▸ **Work request**
Only one span of the material below is wanted. Output it exactly, from the line with "Satellite Panoramic Map of N.a., desaturated" through the line with "2pcs H4 Relay", without any pictures.

========================================

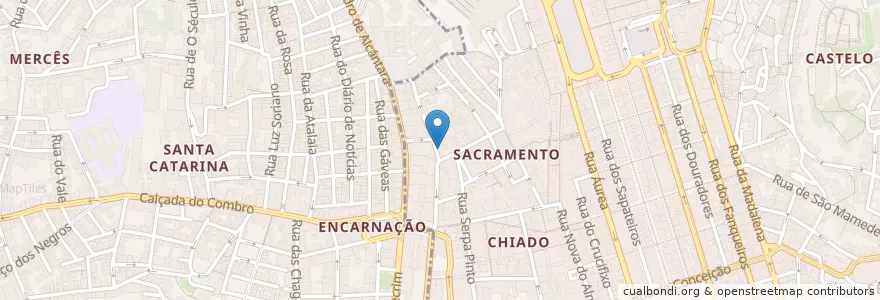 Mapa de ubicacion de Teatro Cafe en Portugal, Área Metropolitana De Lisboa, Lisboa, Grande Lisboa, Lisboa.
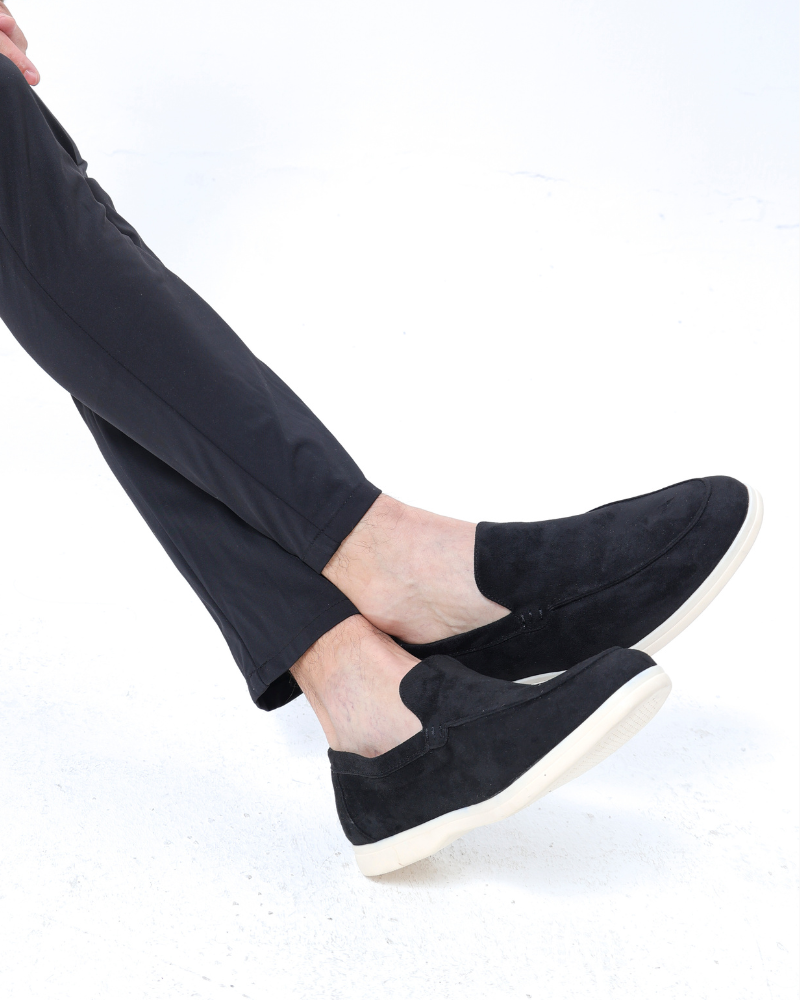 Wildleder-Loafer „Old Money“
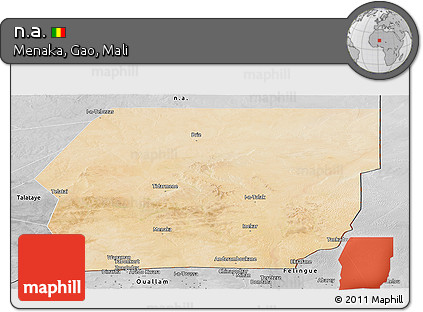 Satellite Panoramic Map of N.a., desaturated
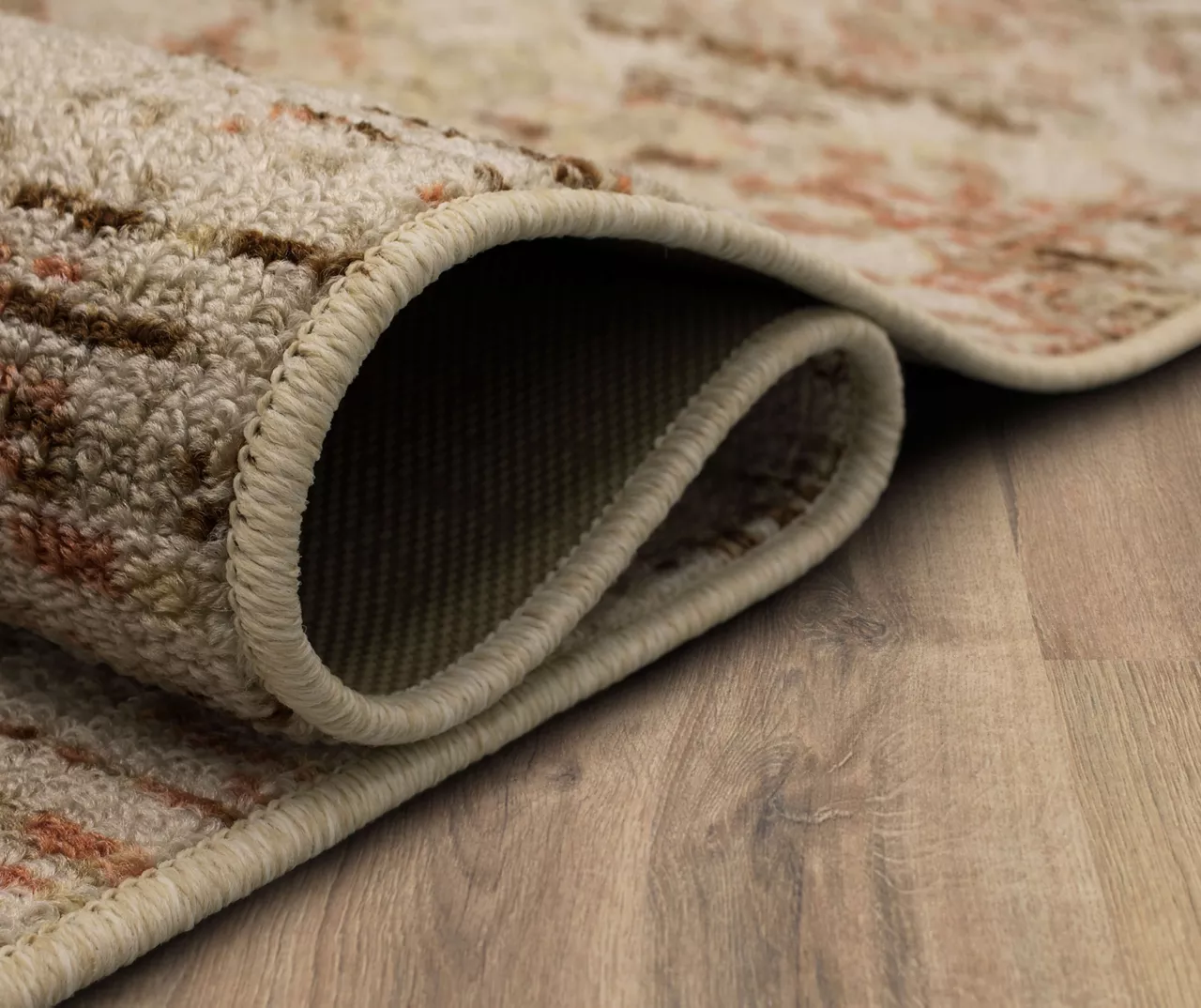 Pallas Beige & Tan Geo Ornamental Area Rug, (2' X 8') 10 Pallas Beige & Tan Geo Ornamental Area Rug, (2' X 8') - Image 8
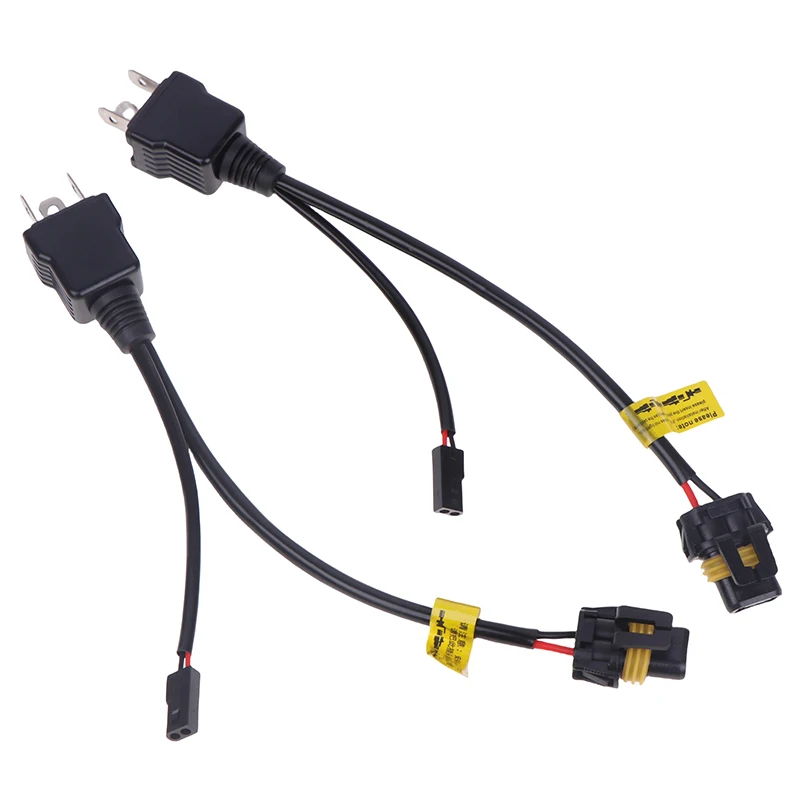 2pcs H4 Relay Wireharness For H4 Bulb Upgrade Bi LED&Xenon Projector Lense Car Light Accessories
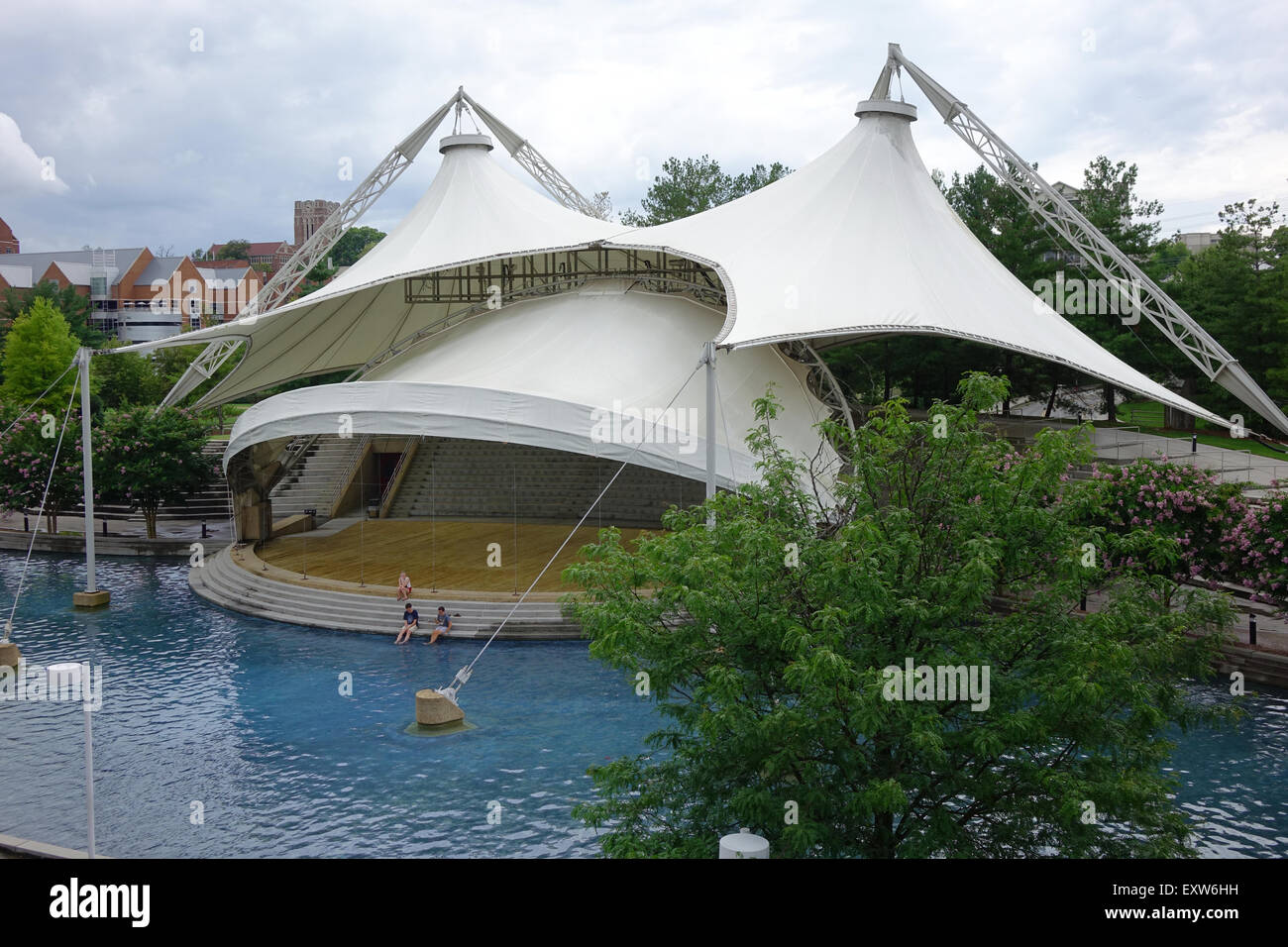 World's Fair Park amphitheatre (Tennessee) amphithéâtre, de Knoxville, Tennessee Banque D'Images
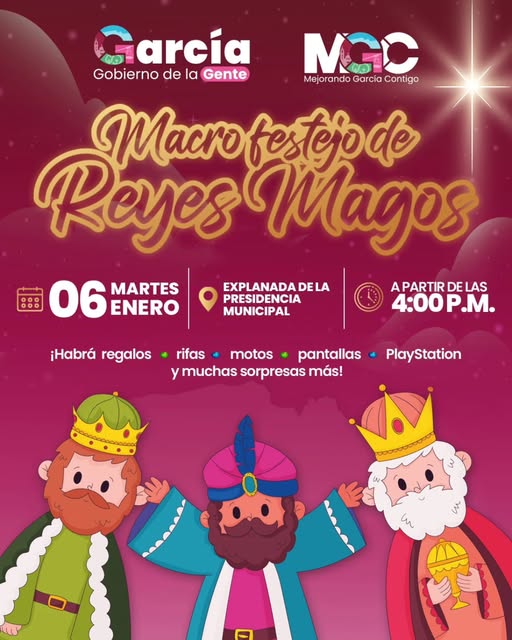 Invita García a la partida de Rosca de Reyes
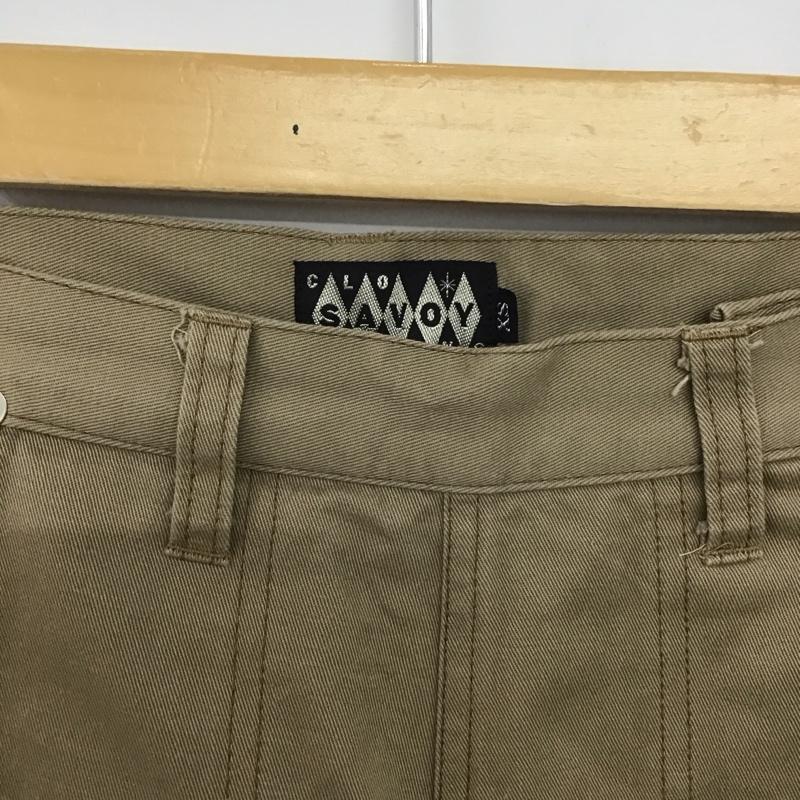 サボイクロージング SAVOYCLOTHING パンツ チノパン SVY-LPT018 コットン XS 無地 ベージュ / ベージュ /  レディース USED 古着 中古 10146937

========================================

▸ **Solution**
 Satellite Panoramic Map of N.a., desaturated
 Pallas Beige & Tan Geo Ornamental Area Rug, (2' X 8') 10 Pallas Beige & Tan Geo Ornamental Area Rug, (2' X 8') - Image 8
 2pcs H4 Relay Wireharness For H4 Bulb Upgrade Bi LED&Xenon Projector Lense Car Light Accessories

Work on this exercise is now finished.